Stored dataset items
----------

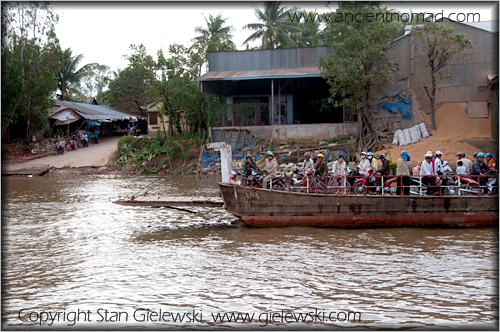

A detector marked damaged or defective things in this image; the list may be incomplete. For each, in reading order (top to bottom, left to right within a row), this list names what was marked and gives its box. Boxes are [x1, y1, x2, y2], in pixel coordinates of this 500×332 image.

rusty metal boat side [220, 183, 500, 227]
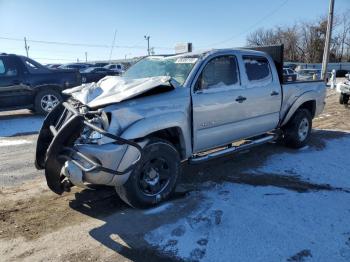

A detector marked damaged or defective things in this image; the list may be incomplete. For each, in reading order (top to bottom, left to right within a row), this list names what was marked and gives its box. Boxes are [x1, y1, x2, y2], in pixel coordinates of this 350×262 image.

crumpled hood [63, 75, 174, 108]
broken windshield [124, 56, 198, 85]
crushed front end [35, 100, 142, 194]
destroyed bumper [35, 102, 144, 194]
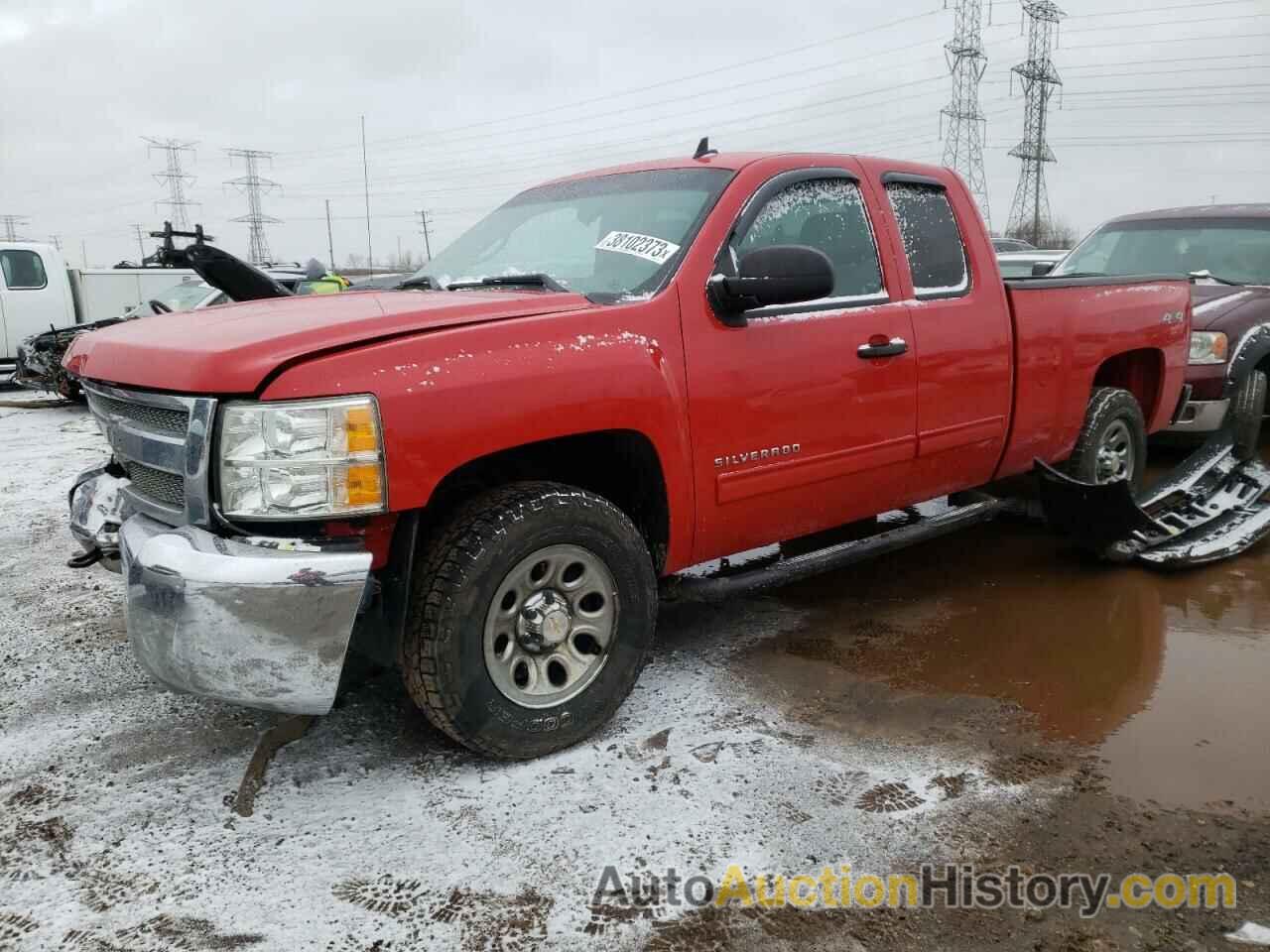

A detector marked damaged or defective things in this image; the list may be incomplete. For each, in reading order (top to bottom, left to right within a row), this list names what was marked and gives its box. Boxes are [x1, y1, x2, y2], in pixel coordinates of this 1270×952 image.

wrecked vehicle in background [17, 225, 312, 396]
wrecked vehicle in background [1041, 205, 1270, 438]
wrecked vehicle in background [64, 149, 1204, 762]
damaged front bumper [69, 469, 370, 715]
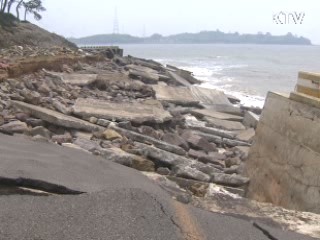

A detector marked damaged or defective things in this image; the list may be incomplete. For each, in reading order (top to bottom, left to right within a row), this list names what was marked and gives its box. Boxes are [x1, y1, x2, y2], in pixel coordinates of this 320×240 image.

broken concrete slab [12, 100, 102, 132]
broken concrete slab [73, 98, 172, 124]
cracked asphalt road [0, 133, 316, 240]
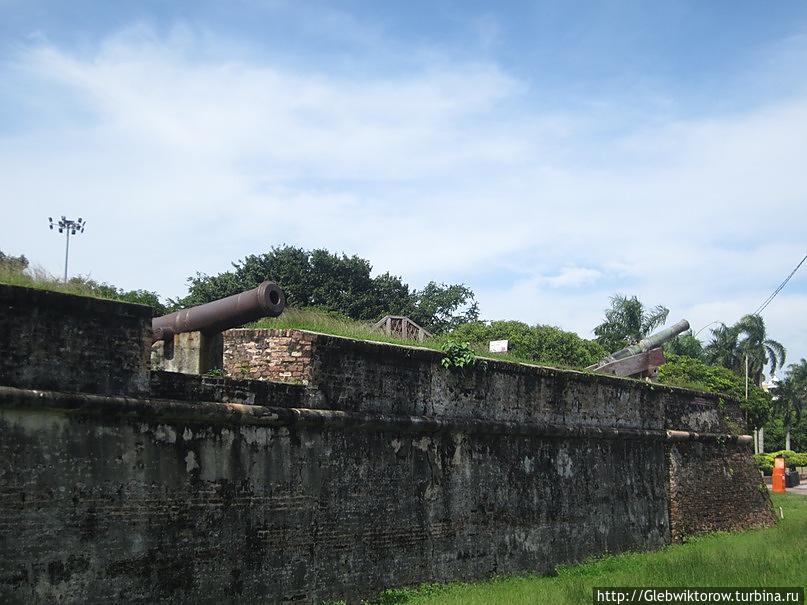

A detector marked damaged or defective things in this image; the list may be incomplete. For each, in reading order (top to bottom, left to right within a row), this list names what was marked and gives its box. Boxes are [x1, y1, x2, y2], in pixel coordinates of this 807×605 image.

rusty cannon [152, 280, 288, 342]
rusty cannon [588, 318, 696, 376]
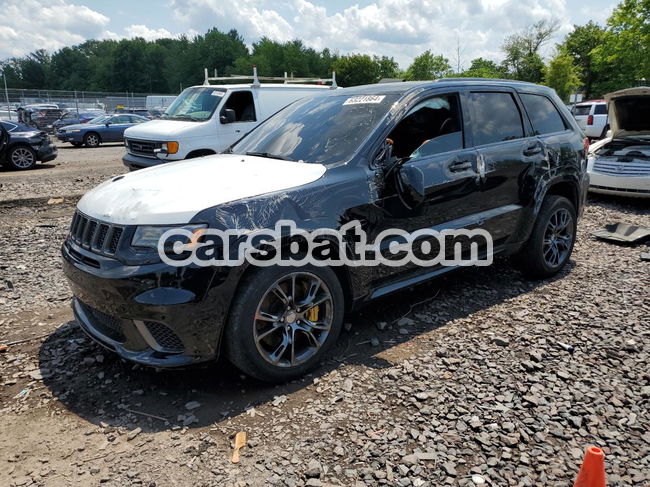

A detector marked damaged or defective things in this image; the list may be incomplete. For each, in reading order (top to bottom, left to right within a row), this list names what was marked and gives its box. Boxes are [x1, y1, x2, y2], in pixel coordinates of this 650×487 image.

damaged black jeep grand cherokee [64, 80, 588, 384]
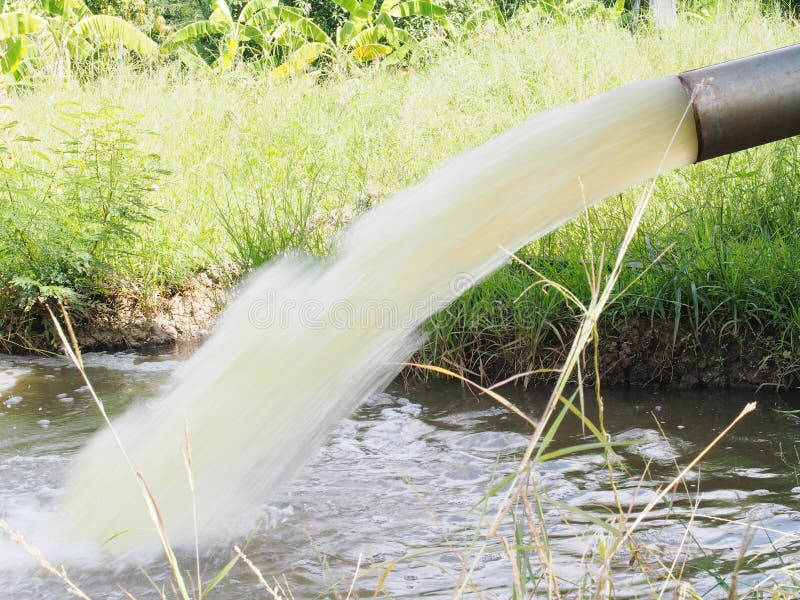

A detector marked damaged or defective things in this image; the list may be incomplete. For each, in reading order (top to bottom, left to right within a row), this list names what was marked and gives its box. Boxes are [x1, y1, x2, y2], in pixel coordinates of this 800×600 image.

rusty pipe end [680, 43, 800, 163]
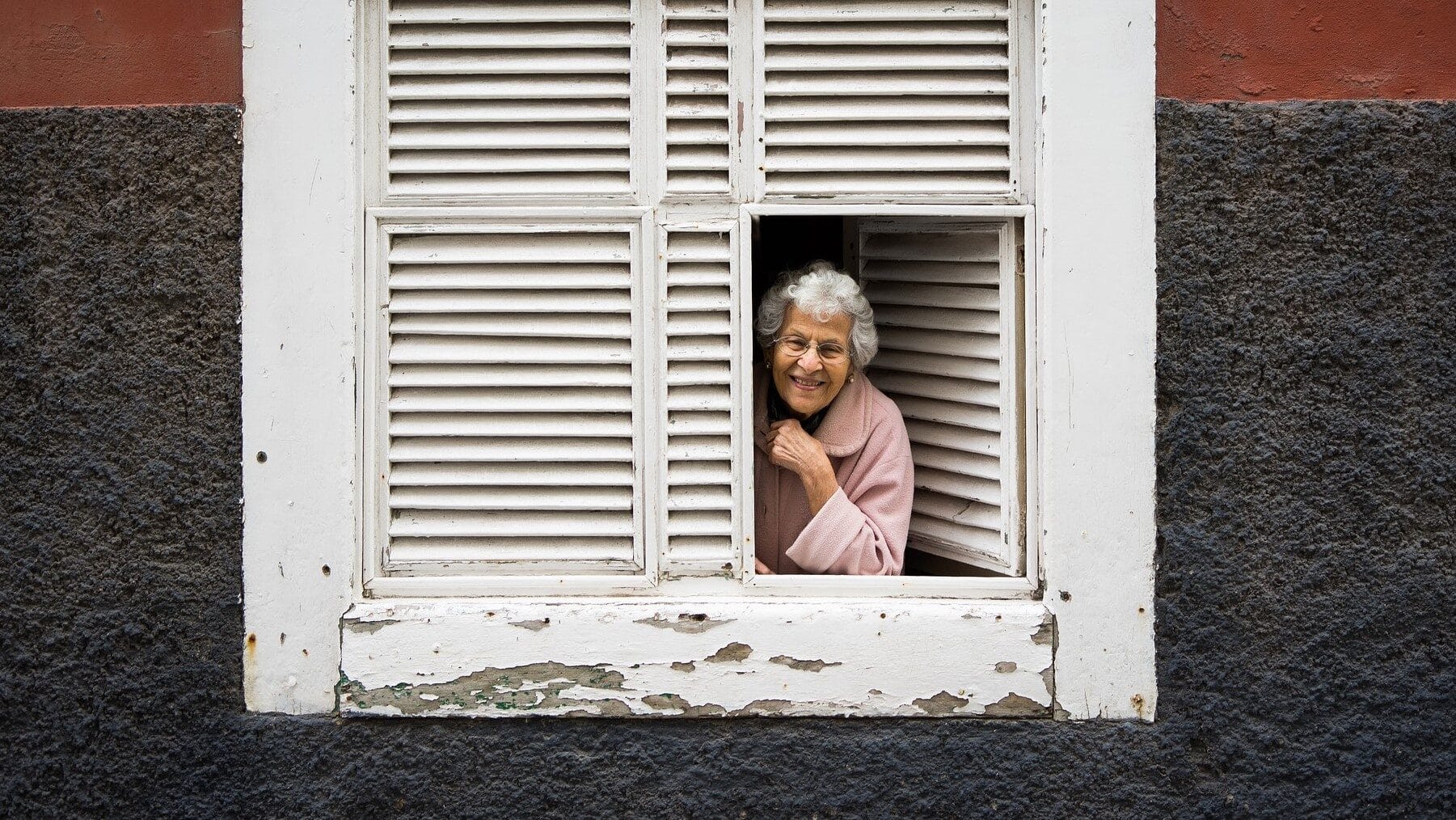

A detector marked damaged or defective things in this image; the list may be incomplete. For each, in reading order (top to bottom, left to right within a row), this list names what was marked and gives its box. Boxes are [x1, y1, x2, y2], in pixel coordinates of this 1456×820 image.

peeling paint [631, 615, 734, 637]
peeling paint [705, 644, 750, 663]
peeling paint [766, 653, 834, 673]
peeling paint [918, 692, 970, 718]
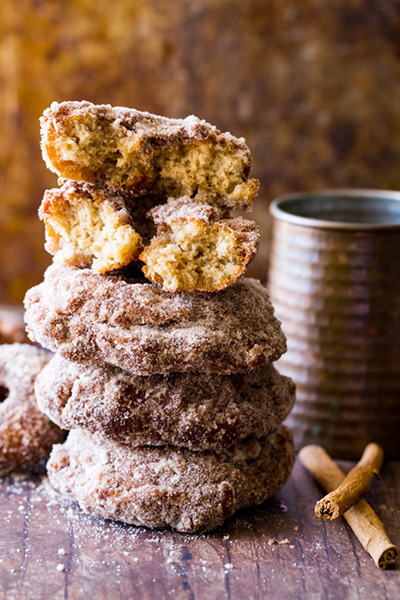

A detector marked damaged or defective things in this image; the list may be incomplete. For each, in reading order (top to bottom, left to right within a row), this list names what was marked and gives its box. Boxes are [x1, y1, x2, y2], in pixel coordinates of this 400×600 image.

rusty metal can [268, 190, 400, 458]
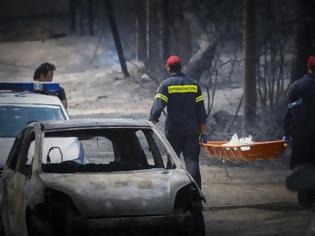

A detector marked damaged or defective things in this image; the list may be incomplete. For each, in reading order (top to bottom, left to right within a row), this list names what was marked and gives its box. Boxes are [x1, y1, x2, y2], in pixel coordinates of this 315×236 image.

burned-out car [0, 119, 205, 236]
charred car body [0, 119, 206, 235]
burnt car interior [41, 128, 175, 172]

----------

TASK TO CARRY OUT — What is needed is a word-for-word repeat of every line from the line with "this 400×600 image." to the end of the entries above; leave out the pictures.

RESPONSE —
A detector marked damaged or defective things in this image; the list may be incomplete. For each, in reading order (top to bottom, left to right within a row), this list names what was marked and gives its box. Boxes are [x1, y1, x2, y2], in pixel coordinates of this 400×600 image.

rusty metal can [268, 190, 400, 458]

A detector marked damaged or defective things in this image; the list may be incomplete. For each, in reading order (top to bottom, left to right within a row), this list names what was marked and gives its box. Boxes are [x1, y1, x2, y2], in pixel coordinates of this 315×236 image.

burned-out car [0, 119, 205, 236]
charred car body [0, 119, 206, 235]
burnt car interior [41, 128, 175, 172]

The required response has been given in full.